Прятать деньги старики уходят куда-нибудь в поле, потихоньку, чтоб никто не подсмотрел. В то лето, когда я был, в богадельне повесился один старик - "отец", кто-то проследил, куда он спрятал деньги, и, когда старик пришел однажды, ямка была разрыта. Он не выдержал и удавился, быть может, за несколько месяцев до смерти, которая и так бы все равно пришла.
Так живут эти люди, пока их не стащат в "околоток", а потом на кладбище.
Околоток, - это нечто в роде лазарета. Но только "нечто". Врачей на Сахалине мало, - и в Дербинскую богадельню врачи заезжают
Околоток Дербинской богадельни - это место страданий, последних вздохов и разврата.
Околоток - небольшая комната, где лежит человек двадцать больных и ожидающих последнего часа. Вместе с мужчинами здесь лежат и две старухи: Афимья и одноглазая "Анютка".
Целый день в околотке ругань между Афимьей и ее "содержателем", слепым паралитиком.
– Спокою от них нет!
– жаловались старики, близкие уж совсем к смертному часу.
– А вы сдыхайте, черти старые!
– кричал слепой паралитик.
– Только койки зря занимаете, подлецы!
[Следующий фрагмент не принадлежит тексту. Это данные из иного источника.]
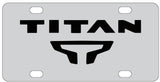 Nissan Titan License Plate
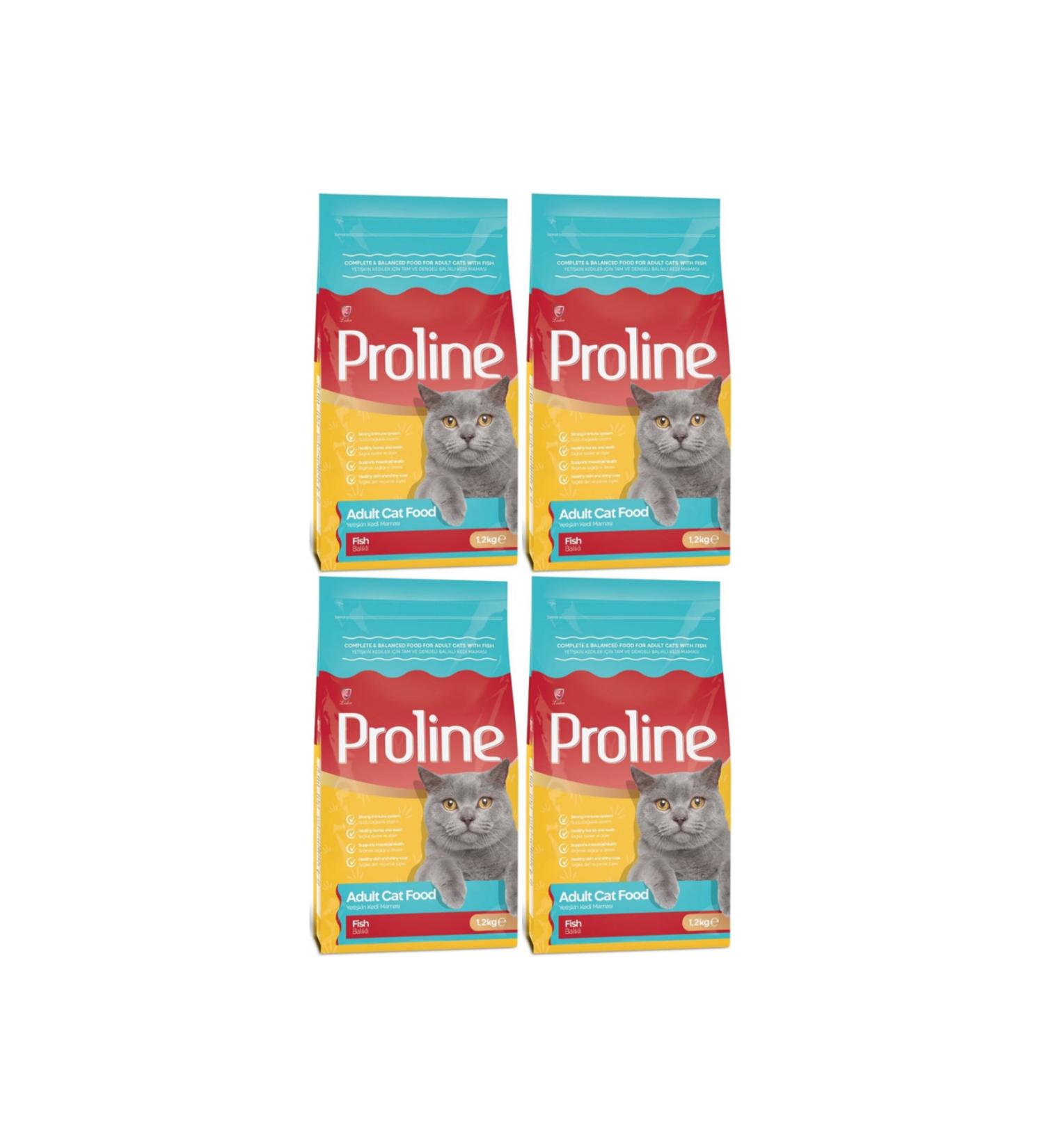 Proline Fish and Rice Adult Cat Food 1.2kg - 4 Pieces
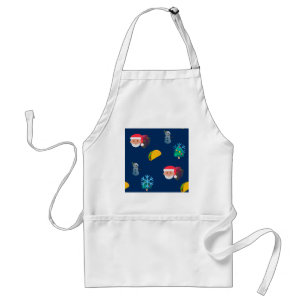 christmas taco emoji standard apron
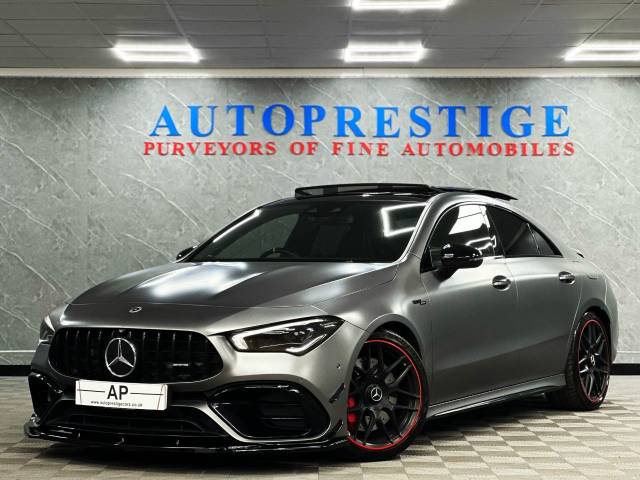 2021 Mercedes-Benz CLA 2.0 CLA 45 S 4Matic+ Plus 4dr Tip Auto £5000 DESIGNO MATT PAINT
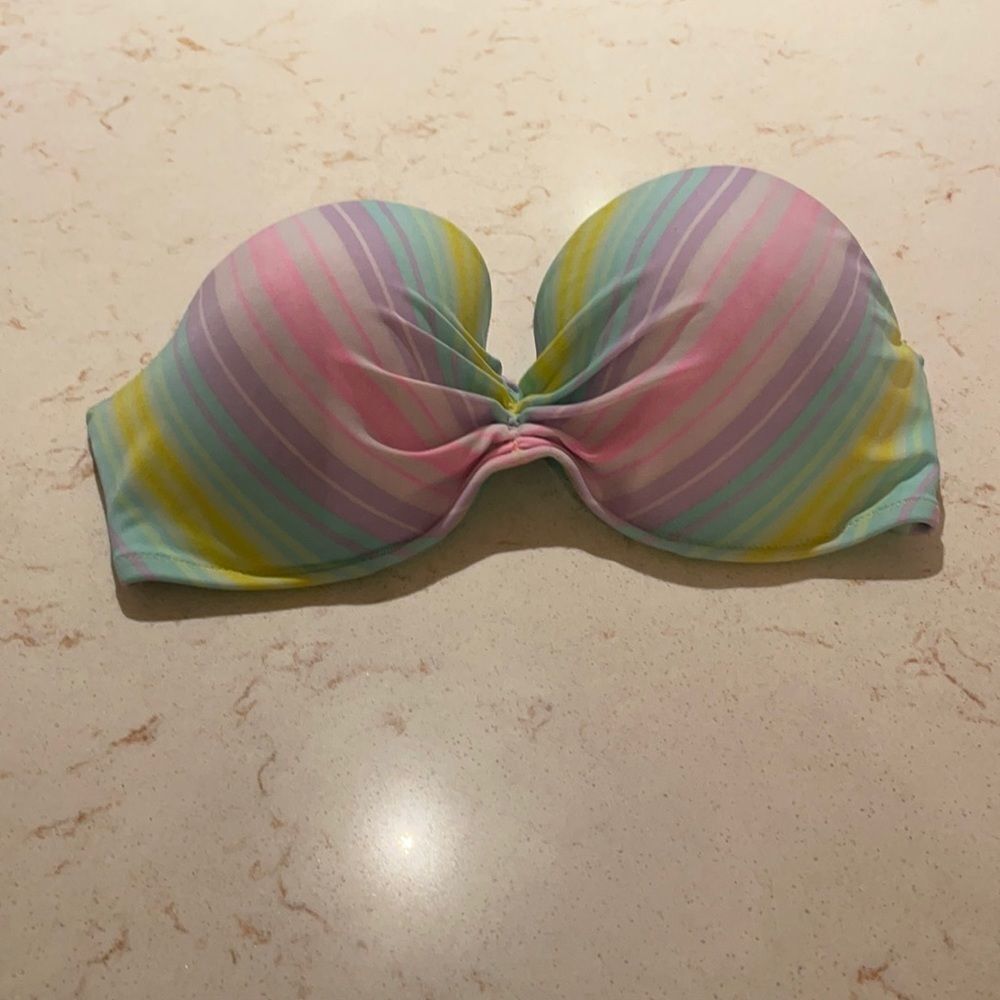 Victoria’s Secret strapless swim top SZ 34DD M/L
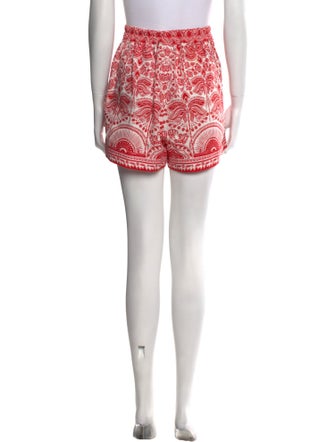 Farm Rio Printed Mini Shorts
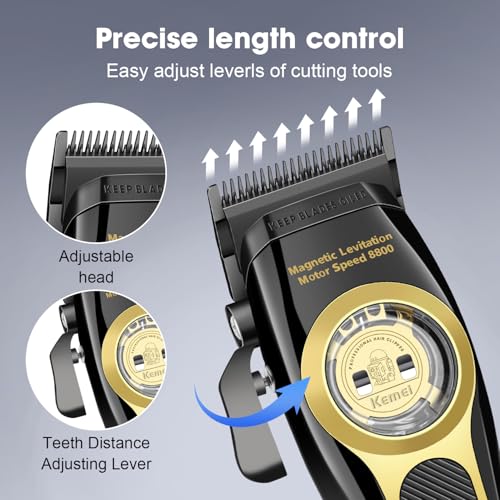 Cordless Professional Hair Clippers for Men with Adjustable Blade & USB Rechargeable Motor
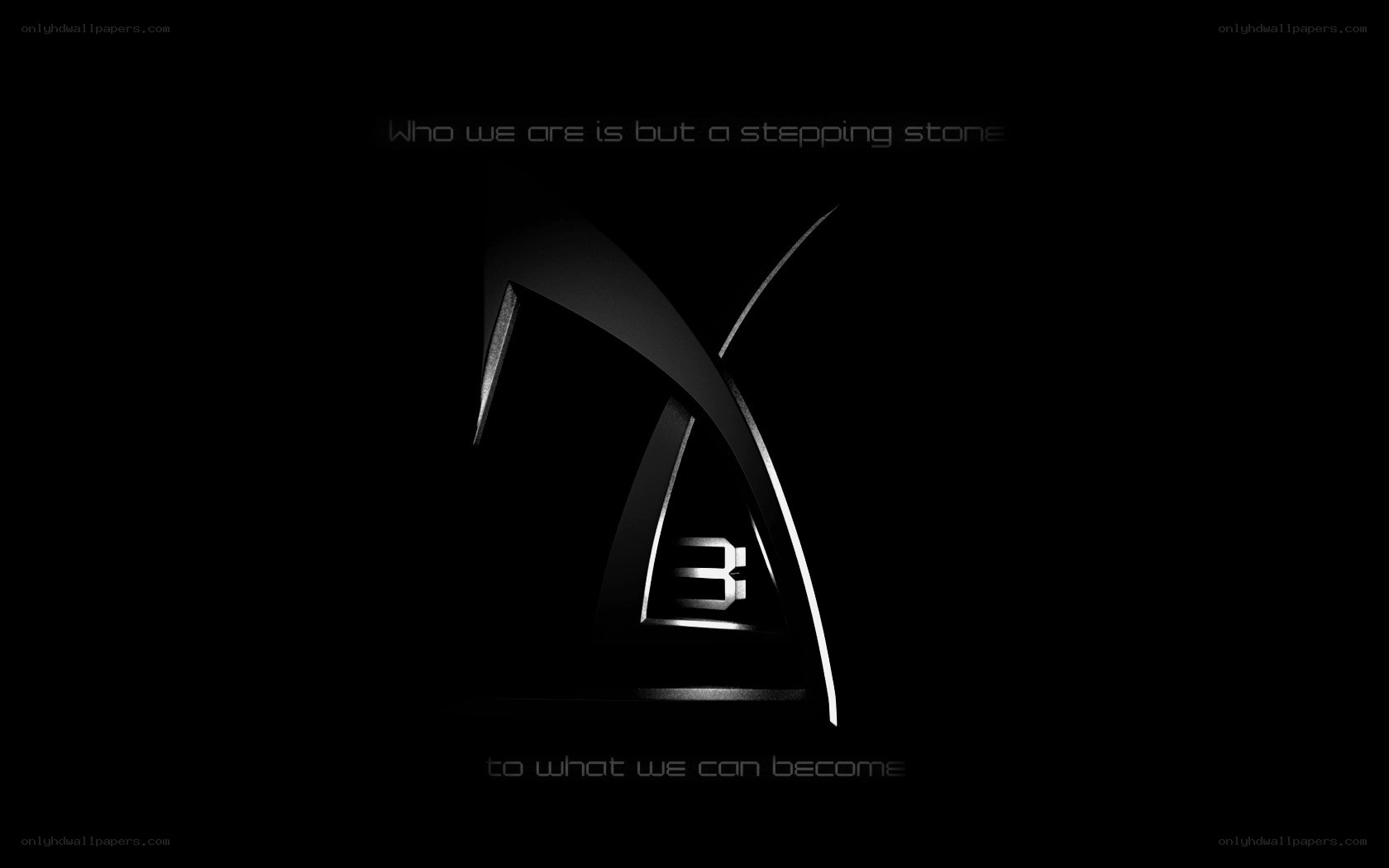 abstract logo with inspirational quote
Сдыхать пора. А живой о живом и думает.
У него отнялись ноги, а руками он вокруг себя так и шарит, так и шарит.
– Афимья! Афимья! Где ты?
– Здесь я. Чего ты? Эк, провал тебя не возьмет!
– Не смей уходить. Куда ты? Опять к Левонтию пошла?
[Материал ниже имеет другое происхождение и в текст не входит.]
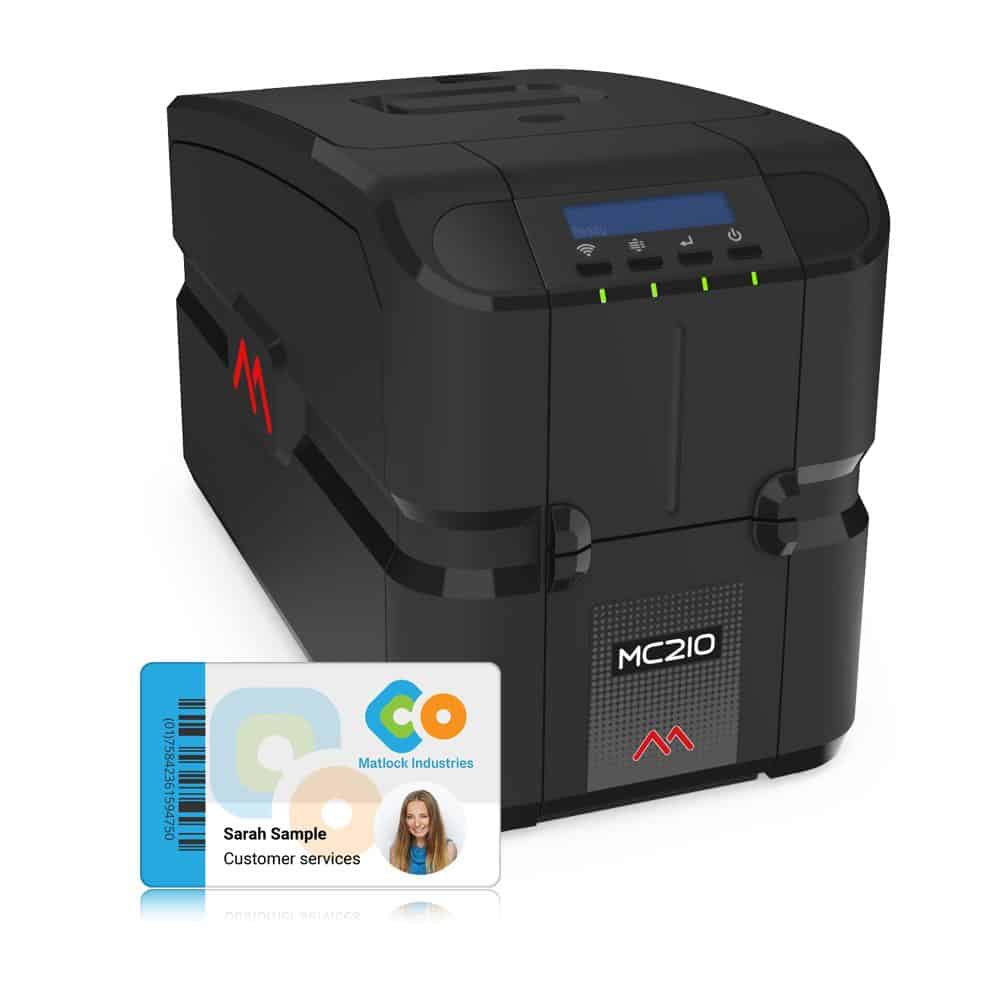 EDIsecure Matica MC210 证卡打印机 ID卡打印机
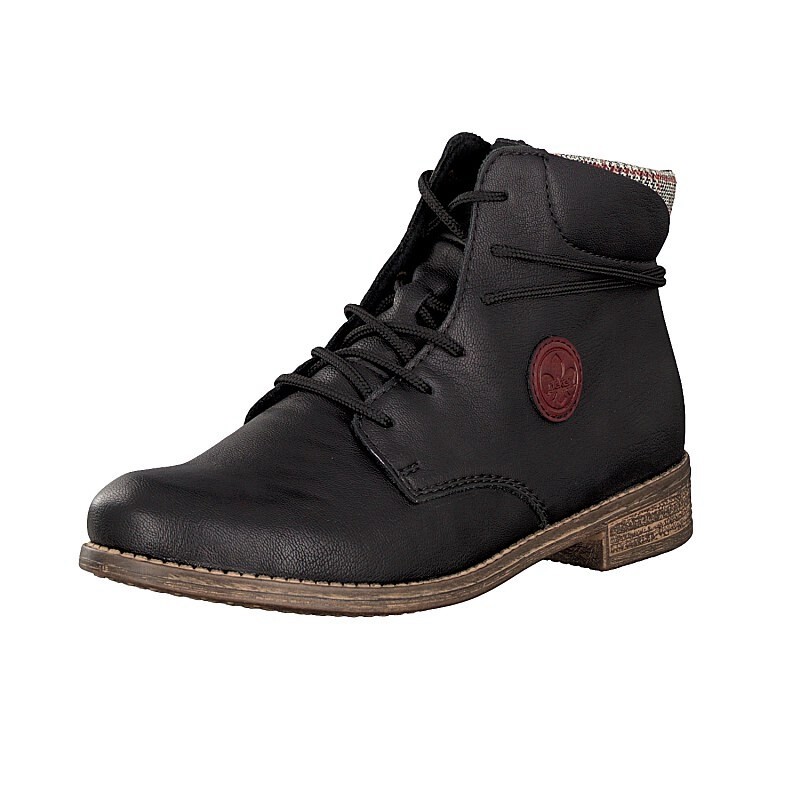 Botas Rieker 77431-00 Para Mulher - Pretas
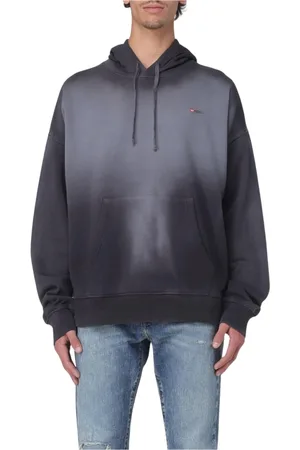 Diesel Herren, Sweatshirts & Hoodies, Schwarzk, MGröße:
– чуть не плачущим голосом блажит старик.
– Ах, глаза мои не видят! Видел бы! Пришить вас мало! Ах, шкура! Со всеми-то путается!
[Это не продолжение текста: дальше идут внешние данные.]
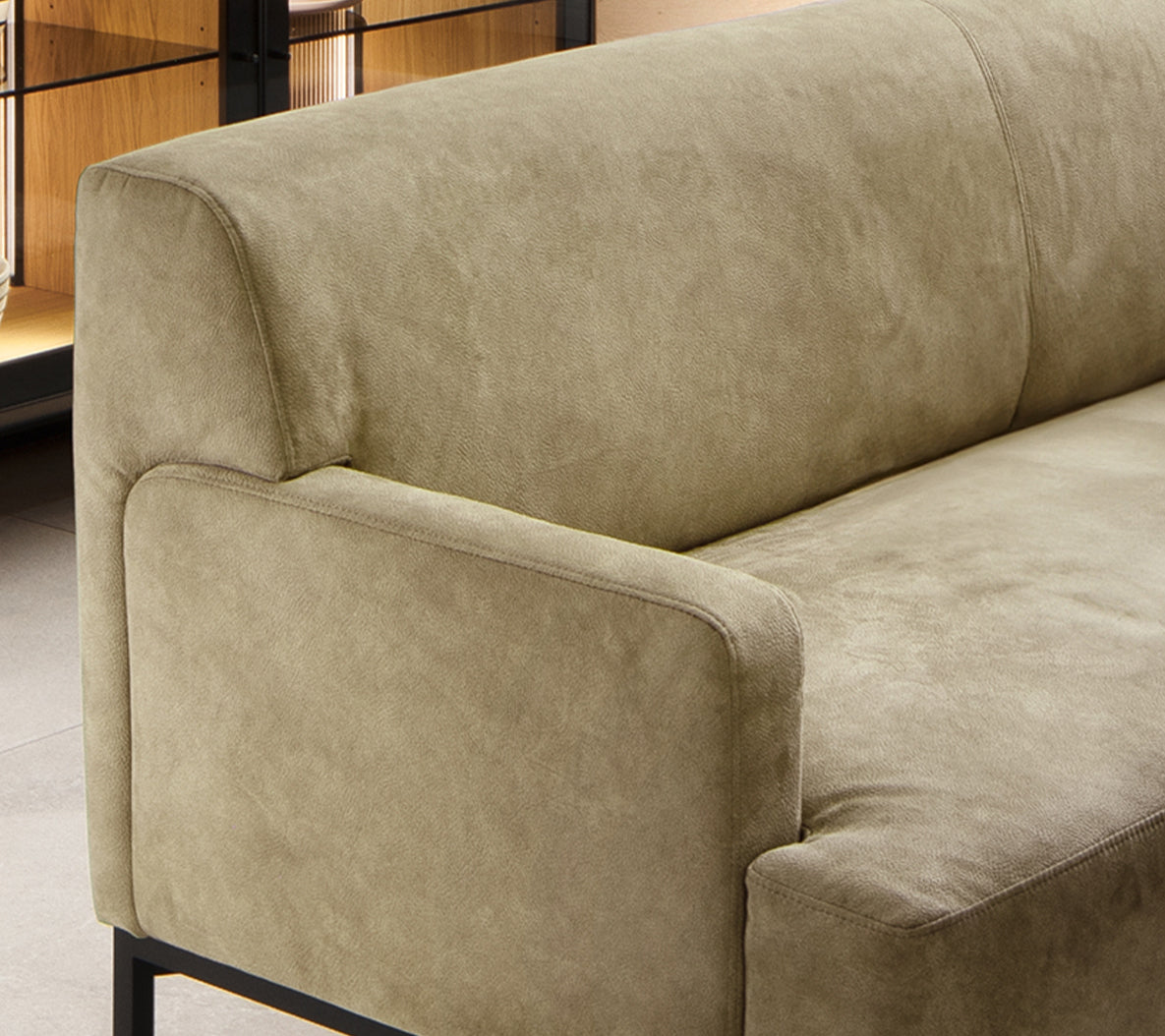 Greystone High-Back Dining Settee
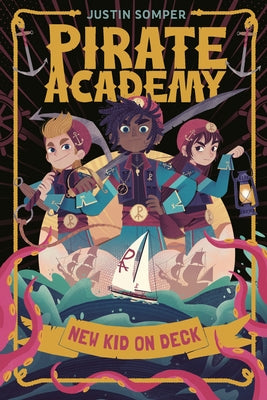 Paperback of Pirate Academy: New Kid on Deck by Penguin Workshop, featuring colorful pirate-themed cover art.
– Из-за нее только и в околотке лежу!
– жаловался он мне на Афимью.
– Такая подлая старуха! Ни на минуту оставить нельзя. Рупь ведь в неделю она мне стоит, рупь ей плачу, да чай каждый день со мной пьет, да булку белую завсегда ест, да молоко пьет! А благодарности ни на эстолько! Все к Левонтию бегает. Ведь сдыхает, пес, а все на чужую бабу зарится. Афимья-я-я!..
– Да здесь я. Не ори, чисто зарезанный!
Старика перевязчик держит в околотке охотно. Старик, - по-каторжному, "богатый", из "отцов", - платит ему "по полтинничку" за гофманские капли, которые перевязчик выдает ему за "возбуждающее".
А пятидесятивосьмилетняя Афимья составляет конкуренцию кривой пятидесятишестилетней "Анютке". Анютка слепа на один глаз. Другой у нее болит, и она нарочно его себе растравляет, чтобы остаться в околотке.
Перевязчик, который за это пользуется ее благосклонностью, держит ее в околотке.
– Вот доктору скажу, глаз себе травишь!
– кричит, ругаясь с ней, Афимья.
– Куды ж я, слепая-то, пойду?
– огрызается Анютка.
– Смотри, как бы я не сказала, как ты коленко у себя расколупываешь, зажить не даешь!
Специальность Анютки, как и Афимьи, торговля своим старым телом.
Какая ужасная, мерзкая, гнусная старость!
Словно куча навоза догнивает на солнце, каторжная Дербинская богадельня, - эти отвратительные, страшные, жалкие, несчастные, так много страдавшие люди.
Конец II части.
notes
Примечания
1
У нее мать была сослана в каторгу.
2
Это делается часто; доносчиков, "для отвода глаз", подвергают наказанию, будто он в немилости у смотрителя. Часто доносчики, заподозренные каторгой, просят даже, чтобы их подвергли телесному наказанию, "а то убьют".